July 14, 2014

Day 13: Santa Cruz das Flores

Standing in line to board the plane to Flores, the woman just ahead of me noticed my passport. “You from the States?” We began chatting and enjoyed it enough to continue our conversation on the plane. It’s one of those great things that happen when you travel, running into some interesting person under random circumstances with whom who you have an instant rapport.

Rosanne Thomas is a writer (several novels, a memoir, misc.) from Massachusetts traveling with her lovely daughter August, also an aspiring novelist and scholar of Turkish/Ottoman culture. Roseanne is here doing research for her next novel. She didn’t want to give away too much, but one of her characters has some connection to the Azores and she wanted to come absorb some details about the landscape and life here. They are on a whirlwind tour of what sounds like most of the islands, and will only be on Flores for two days. After we landed in Santa Cruz we parted ways, making a plan to meet up at their hotel for dinner later.

The place where I am staying is in the south end of town, near the old harbor, at the bottom of a quiet street (finally!) that ends at the ocean about thirty yards away. There was nobody here when I arrived, so I called the number on the door and a woman said she’d be here in five minutes, which turned out to be more like ten. The room is cheap (€35/night) and huge. Not much of a view out the only window (the laundry area), but I’m not paying for a great view. Or a great bed, apparently. So it goes.

It was a beautiful day, so I decided to go check out the piscinas naturais (natural ocean swimming pools), which has increasingly become a top priority wherever I go. There is actually a swimming area at the bottom of our street, but since it is not listed on the map I opted to check out the one that is, figuring it must be nicer. This turned out to be the case. It’s a really beautiful spot, with extensive paved deck areas where one can lie around and bake in the sun between dips.


It is also the Big Teen Hang-out Spot. When I arrived there weren’t too many people, but within an hour it was looking like a Frankie and Annette movie. Every teenager in town must have been there. At that point I left to wander around town. I pretty quickly found the cemetery and decided to look for maybe-relatives.
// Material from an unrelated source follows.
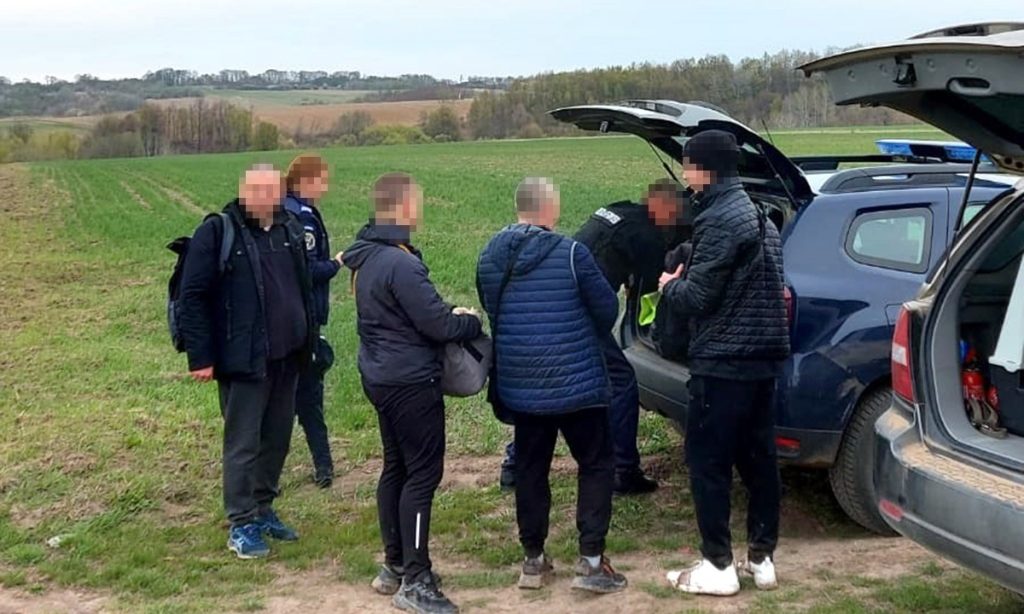 Patru ucraineni au fost depistaţi din elicopter când treceau ilegal frontiera în România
I met the groundskeeper, a friendly old guy who spoke no English whatsoever. Somehow we managed to have a nice little conversation. I found lots of stones with Freitas (or de Freitas) and Avelar (or Avellar) names, some with both names on the same stone. I have no idea if my ancestors came from Santa Cruz, but it’s a small island and there is a good chance that some of these people were distant relatives.


Santa Cruz is not exactly a charming city. It’s fine, not at all unpleasant, just kind of unremarkable and not especially photogenic. It feels more suburban than any other town I’ve seen in the Azores. I’m staying in the old part of town, which feels a bit more like what I’ve experienced elsewhere — big old church, narrow streets, multi-story common-wall buildings. But as you get farther north the construction becomes newer, the houses larger, free-standing and more spread out. At the far north end of town it gets more industrial, with warehouses and such. There’s a spiffy new soccer field (sorry, futbol), and the old whale factory, which is in the midst of being turned into a museum. The latter has a rather gruesome display out front, a fake sperm whale that has been bisected.


Right next to the whale factory is the Hotel das Flores, the slick new hotel where I’d be meeting Rosanne and August. On my way there I noticed a restaurant called Baleia Ocidental (Western Whale) with a sperm whale painted on the wall outside, about a block from the hotel. We decided to check it out and had a great meal of grilled fish (not sure what kind) with potatoes, salad, bread and cheese. We spent a very enjoyable evening comparing notes and projects, sharing our travel experiences and other interests. I accidentally left my wallet in my backpack at the hotel, and Roseanne very kindly picked up the tab, for which I felt a little guilty but grateful.

My new pals are planning to take a boat trip to Corvo tomorrow, and invited me to join them if there is room on the boat. Corvo is the smallest island in the Azores, and very nearby (you can see it in the above photo of the pools). There is only one village there, with about 350 inhabitants. I’m a little ambivalent about going because there isn’t much to actually do there. On the other hand, it is just right over there, and it would be one more island in the chain I will have visited. So I’ll see how I feel tomorrow, and have a tentative plan to meet them at the harbor in the morning.

Speaking of Corvo, there are two films about it that I learned of recently. One is It's the Earth, Not the Moon, a three-hour documentary that I haven’t seen, made by a guy whose mother is from there.



The other one is North Atlantic, a short (15 minutes) film based on a true story, very moving.



I don't have any personal contacts on Flores, so I'm not exactly sure what will happen here. I might have some contacts through the genealogy world, will wait and see. I'll be in Santa Cruz for two days and then go to Lajes, for the big Festa do Emigrante, when many people who have emigrated return to see family and friends. I'm planning to record at that, and maybe interview some people. Fingers crossed that something cool happens.